Por Joyce Ferreira de Melo Marini

Sobre o livro

Este livro abrange a análise da formação histórico-social de Corumbá, MS e a influência dos imigrantes. Em especial, aborda as demandas dos imigrantes bolivianos. Aponta a identificação dos clubes sociais na bacia platina, sob o aspecto histórico.

Focalizamos a pesquisa em três países: Argentina, Paraguai e Brasil.

Este estudo teve como objetivo geral aplicar e transferir a construção de uma Unidade de Atendimento ao Imigrante Boliviano Indocumentado (UAIBI) ao Núcleo de Estudos de Trabalho e Cidadania de Imigrantes em Fronteira (NETCIF) da Universidade Federal de Mato Grosso do Sul (UFMS), através de parceria com o Centro Boliviano-Brasileiro 30 de Marzo (CBB) e mediante articulação do Circuito de Apoio ao Imigrante.

Dentre os objetivos específicos podemos destacar: I) entender como foram construídas as relações sociais e políticas por parte de imigrantes bolivianos em Corumbá, MS, a partir da criação do CBB e II) compreender o status político e social atual do CBB.

Quanto à metodologia, tratou-se de uma investigação descritiva. Adotamos procedimentos específicos para levantamentos de dados em acervos públicos (Núcleo de Documentação Histórica/CPAN/UFMS) e privados (Arquivo do CBB). Procedemos à revisão bibliográfica quanto à temática fronteiriça.

O foco principal do estudo foi o CBB, em Corumbá, MS. Discorremos a respeito da fundação, objetivos, atividades realizadas e funcionamento atual do Centro Boliviano-Brasileiro 30 de Marzo.

Deste modo, identificamos que o CBB foi criado por um grupo de cambas que possuíam interesses de projeções sociais em Corumbá, MS e, atualmente, trata-se de um espaço abandonado por aquela parcela de bolivianos cruceños.

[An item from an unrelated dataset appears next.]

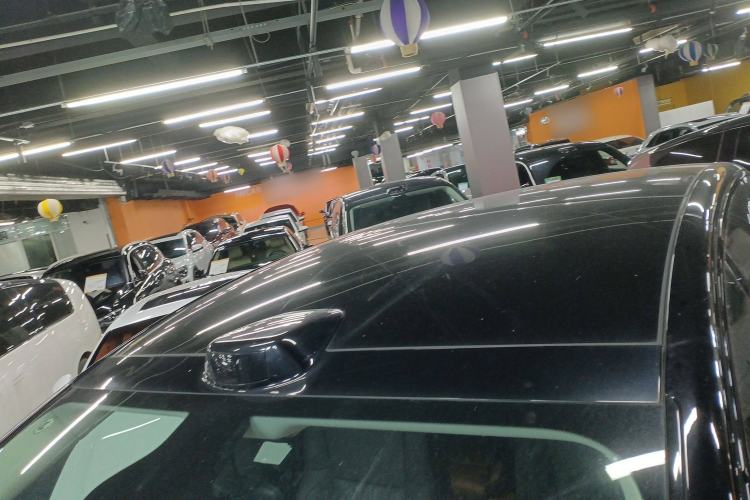 Used Li Auto MEGA 2024 Ultra Model
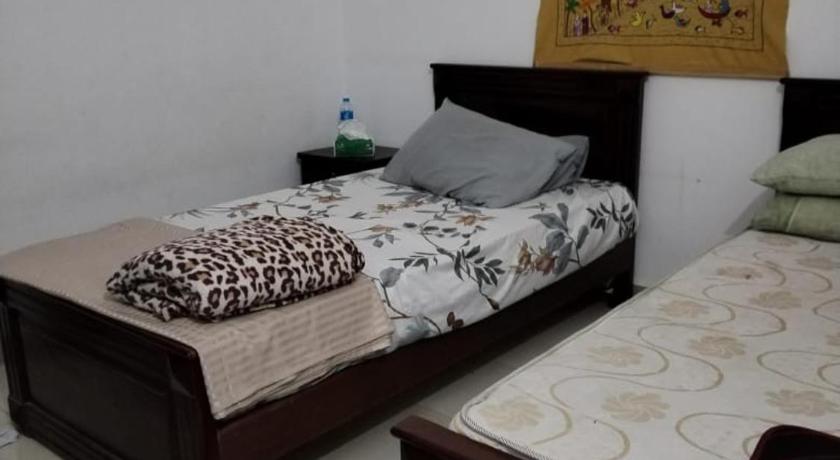 Digital Nomad Hub - Wifi Available - image 22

Ademais, mediante uma ação realizada no CBB em 17 de novembro de 2017, sob a coordenação do Prof. Dr. Marco Aurélio Machado de Oliveira, constatamos que não houve procura expressiva por atendimento, por parte dos bolivianos, a respeito da questão documental (direitos e deveres).

É ínfimo o interesse na obtenção de tais orientações: dentre as mais de 80 pessoas convidadas, pessoalmente, nas feiras-livres, apenas um boliviano nos procurou nesse dia.

Portanto, a implementação e transferência da UAIBI junto ao NETCIF e em parceria com o CBB é, sem dúvida, necessária, pois há muitos bolivianos indocumentados na fronteira Brasil-Bolívia.

Todavia, a pesquisa apontou que, no momento, tal proposta não frutifica, por razões variadas, e que é mister contínuas experiências neste sentido. Palavras-chave: Fronteira. Imigrantes. Indocumentados. Centro Boliviano-Brasileiro 30 de Marzo.